§ **Aim of the task**: Once the line with "resistencia" is found in the entries below, print it and each following line exactly, stopping after the line with "anterior y extracciones"; print nothing else.

Items from a dataset:
* * * *
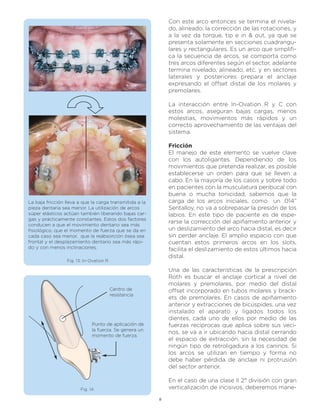 Con este arco entonces se termina el nivela-
                                                             do, alineado, la corrección de las rotaciones, y
                                                             a la vez da torque, tip e in & out, ya que se
                                                             presenta solamente en secciones cuadrangu-
                                                             lares y rectangulares. Es un arco que simplifi-
                                                             ca la secuencia de arcos, se comporta como
                                                             tres arcos diferentes según el sector, adelante
                                                             termina nivelado, alineado, etc. y en sectores
                                                             laterales y posteriores prepara el anclaje
                                                             expresando el offset distal de los molares y
                                                             premolares.

                                                             La interacción entre In-Ovation R y C con
                                                             estos arcos, aseguran bajas cargas, menos
                                                             molestias, movimientos más rápidos y un
                                                             correcto aprovechamiento de las ventajas del
                                                             sistema.

                                                             Fricción
                                                             El manejo de este elemento se vuelve clave
                                                             con los autoligantes. Dependiendo de los
                                                             movimientos que pretenda realizar, es posible
                                                             establecerse un orden para que se lleven a
                                                             cabo. En la mayoría de los casos y sobre todo
                                                             en pacientes con la musculatura peribucal con
                                                             buena o mucha tonicidad, sabemos que la
La baja fricción lleva a que la carga transmitida a la       carga de los arcos iniciales, como un .014”
pieza dentaria sea menor. La utilización de arcos            Sentalloy, no va a sobrepasar la presión de los
súper elásticos actúan también liberando bajas car-          labios. En este tipo de paciente es de espe-
gas y prácticamente constantes. Estos dos factores
                                                             rarse la corrección del apiñamiento anterior y
conducen a que el movimiento dentario sea más
fisiológico, que el momento de fuerza que se da en           un deslizamiento del arco hacia distal, es decir
cada caso sea menor, que la reabsorción ósea sea             sin perder anclaje. El amplio espacio con que
frontal y el desplazamiento dentario sea más rápi-           cuentan estos primeros arcos en los slots,
do y con menos inclinaciones.                                facilita el deslizamiento de estos últimos hacia
                                                             distal.
                 Fig. 13: In-Ovation R

                                                             Una de las características de la prescripción
                                                             Roth es buscar el anclaje cortical a nivel de
                                                             molares y premolares, por medio del distal
                                         Centro de           offset incorporado en tubos molares y brack-
                                         resistencia
                                                             ets de premolares. En casos de apiñamiento
                                                             anterior y extracciones de bicúspides, una vez
                                                             instalado el aparato y ligados todos los
                                                             dientes, cada uno de ellos por medio de las
                             Punto de aplicación de          fuerzas recíprocas que aplica sobre sus veci-
                             la fuerza. Se genera un
                                                             nos, se va a ir ubicando hacia distal cerrando
                             momento de fuerza.
                                                             el espacio de extracción, sin la necesidad de
                                                             ningún tipo de retroligadura a los caninos. Si
                                                             los arcos se utilizan en tiempo y forma no
                                                             debe haber pérdida de anclaje ni protrusión
                                                             del sector anterior.

                                                             En el caso de una clase II 2° división con gran
                       Fig. 14                               verticalización de incisivos, deberemos mane-

                                                         8
 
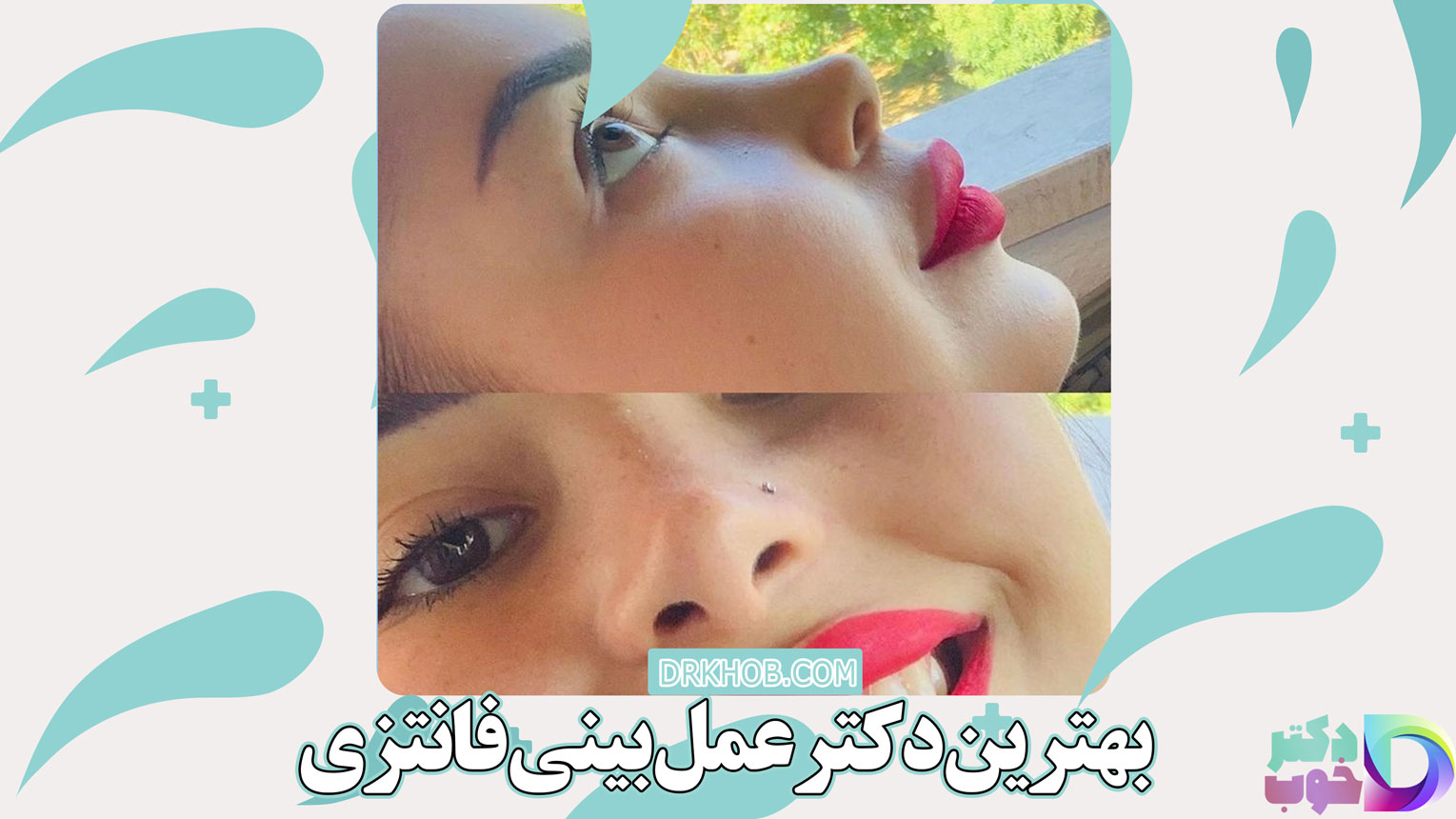 بهترین دکتر عمل بینی فانتزی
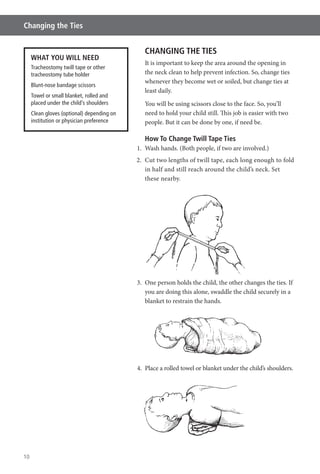 10
Changing the Ties
CHANGING THE TIES
It is important to keep the area around the opening in
the neck clean to help prevent infection. So, change ties
whenever they become wet or soiled, but change ties at
least daily.
You will be using scissors close to the face. So, you’ll
need to hold your child still. This job is easier with two
people. But it can be done by one, if need be.
How To Change Twill Tape Ties
1. Wash hands. (Both people, if two are involved.)
2. Cut two lengths of twill tape, each long enough to fold
in half and still reach around the child’s neck. Set
these nearby.
3. One person holds the child, the other changes the ties. If
you are doing this alone, swaddle the child securely in a
blanket to restrain the hands.
4. Place a rolled towel or blanket under the child’s shoulders.
WHAT YOU WILL NEED
Tracheostomy twill tape or other
tracheostomy tube holder
Blunt-nose bandage scissors
Towel or small blanket, rolled and
placed under the child’s shoulders
Clean gloves (optional) depending on
institution or physician preference
 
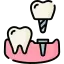 Best Dental Implant Treatment in Kolkata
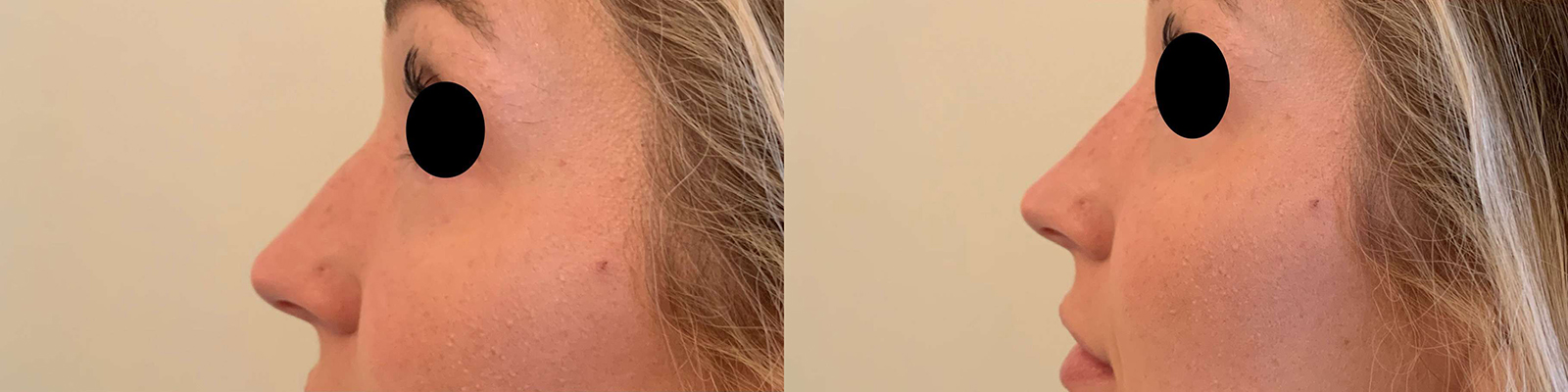 Liquid Rhinoplasty Before And After Photos By Dr. Demetri Arnaoutakis In Tampa, Fl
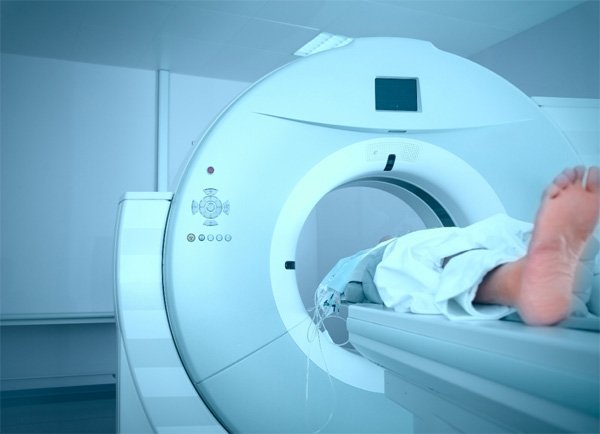  검진때 하고 진료 때 또 찍고…암 찾으려 CT 찍어대다 암 걸릴라 ...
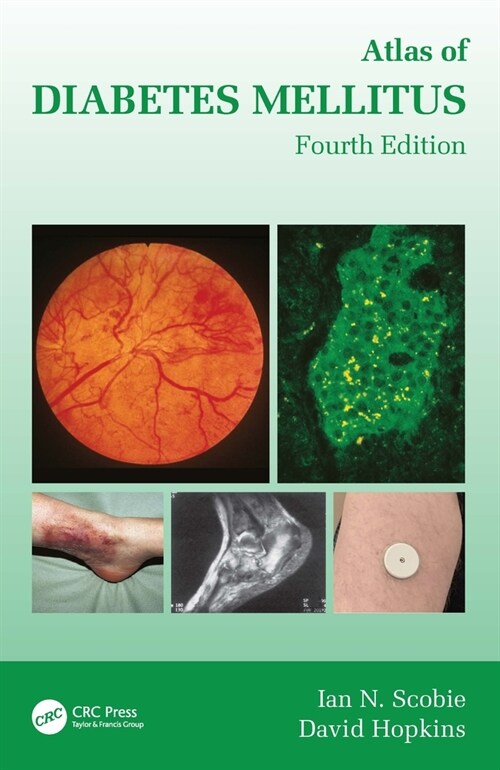 Atlas of Diabetes Mellitus (Hardcover, 4 ed)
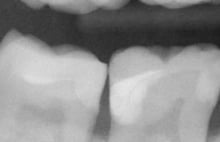 Radiograph-after-small-300x194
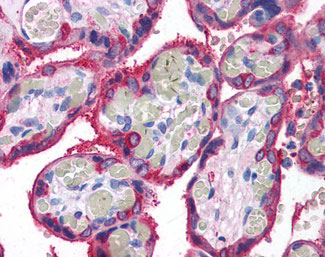 IHC - TGM2 / Transglutaminase 2 Antibody ALS12176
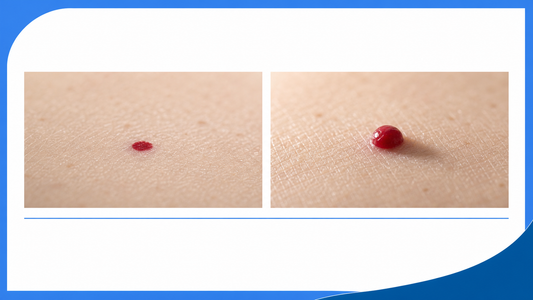 Flat vs Raised Cherry Angioma: Does It Matter? infographic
* * * *
§ **Answer to the exercise**:
                                         resistencia
                                                             ets de premolares. En casos de apiñamiento
                                                             anterior y extracciones de bicúspides, una vez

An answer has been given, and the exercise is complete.